Powiadomił Policję, że na torach kolejowych jest bomba. Za fałszywe zawiadomienie grozi mu do 8 lat pozbawienia wolności
1 grudnia br., gorliccy policjanci otrzymali informację o podłożonym ładunku wybuchowym przy torach na linii kolejowej Gorlice – Gorlice Zagórzany. Po sprawdzeniu okazało się, że jest to fałszywy alarm. Sprawca jeszcze tego samego dnia został zatrzymany.
1 grudnia br., w godzinach popołudniowych na stronę Krajowej Mapy Zagrożeń Bezpieczeństwa obsługiwaną przez Komendę Powiatową Policji w Gorlicach wpłynęła informacja o podłożonym ładunku wybuchowym pod torami na linii kolejowej pomiędzy stacją Gorlice a stacją Gorlice Glinik.
Natychmiast na miejsce zostali skierowani policjanci wspólnie z pracownikami Służby Ochrony Kolei, którzy dokładnie sprawdzili tory na całej linii kolejowej pomiędzy stacjami Gorlice a stacją Gorlice-Zagórzany. Podczas działań nie znaleziono żadnego podejrzanego przedmiotu lub innych niebezpiecznych przedmiotów w pobliżu szlaku kolejowego.
Po aktach dywersji, skierowanych przeciw infrastrukturze kolejowej polska Policja prowadzi operację “Tor” skierowaną na rozpoznanie i zapobieganie wszelkim tego typu zdarzeniom. Świadome wprowadzanie w błąd będzie spotykać się ze zdecydowaną reakcją służb.
Policjanci z Wydziału Kryminalnego gorlickiej komendy już po kilku godzinach wytypowali i zatrzymali osobę, podejrzewaną o wysłanie fałszywej informacji o podłożonym ładunku wybuchowym. Zabezpieczony został także do dalszych badań sprzęt komputerowy 43-letniego mężczyzny mieszkańca Gorlic.

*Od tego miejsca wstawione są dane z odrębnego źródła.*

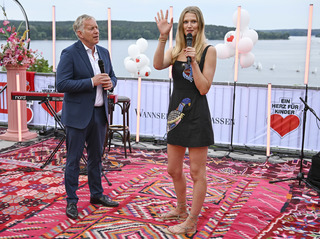 Toni Garrn feet photo thumbnail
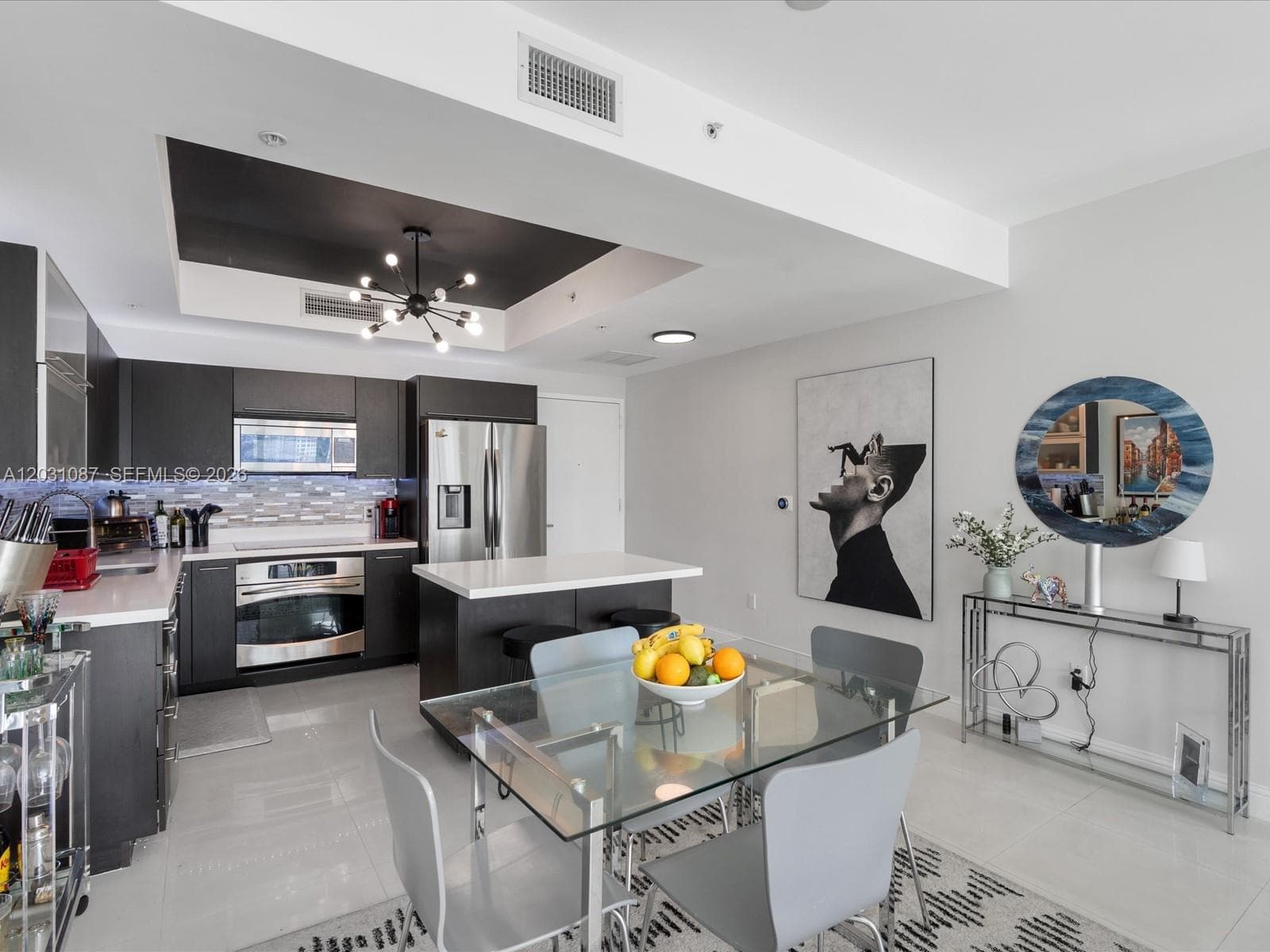 90 SW 3rd St # 2015, Miami FL 33130 — 11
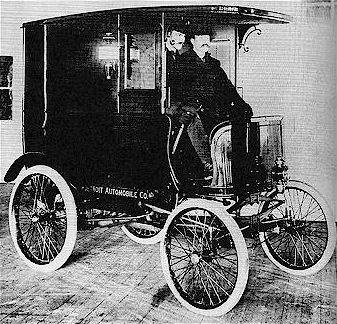 File:Detroit Automobile Company Delivery Truck 1900.jpg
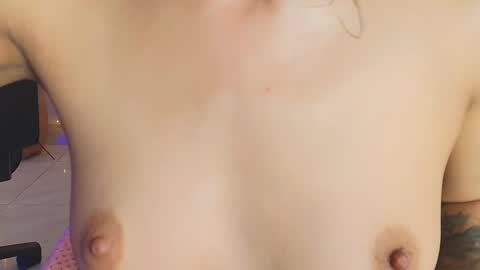 Snapshot of _aurora_moon chatting on February 21, 2025, 10:59 pm Aurora online show from February 21, 2025, 10:59 pm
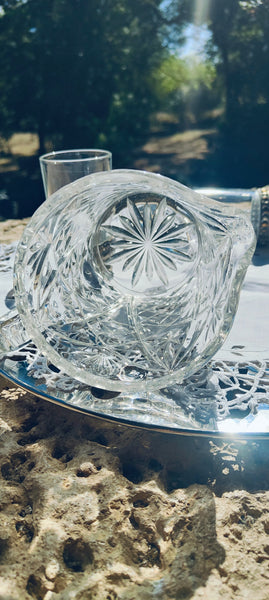 Pichet en verre taillé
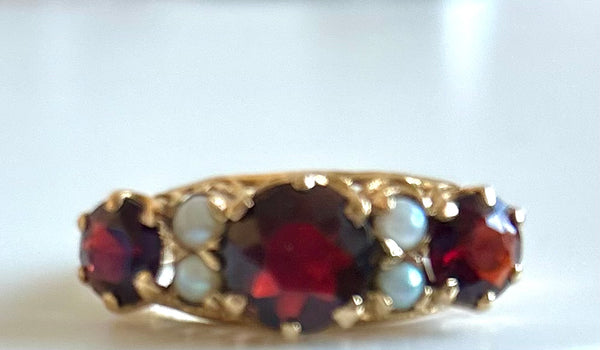 Ladies 9ct Gold Red Garnet Dress Ring
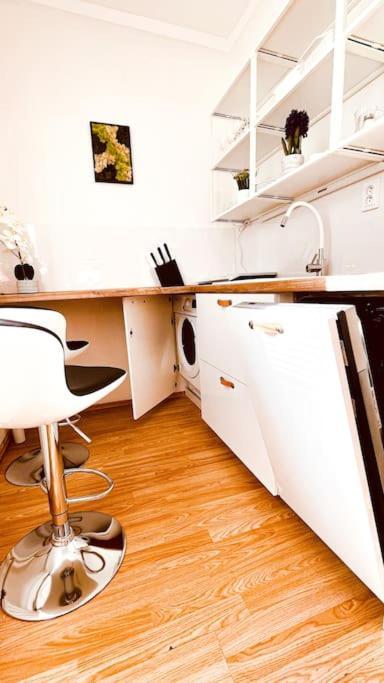 Moderny Apartman S Parkovanim Братислава Екстериор снимка
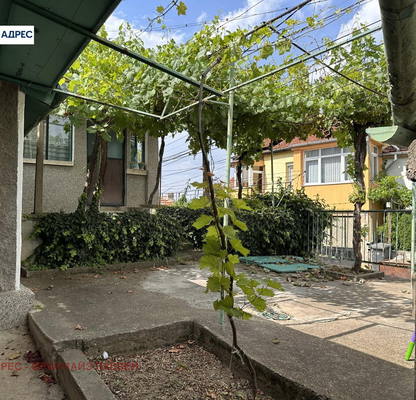 Photo 2 — House in Pleven, 9-Ti Kvartal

W tej sprawie Komenda Powiatowa Policji w Gorlicach pod nadzorem prokuratury prowadzi wobec zatrzymanej osoby czynności pod kątem art. 244a kodeksu karnego, czyli fałszywego zawiadomienia o zagrożeniu, za które grozi kara pozbawienia wolności od 6 miesięcy do 8 lat.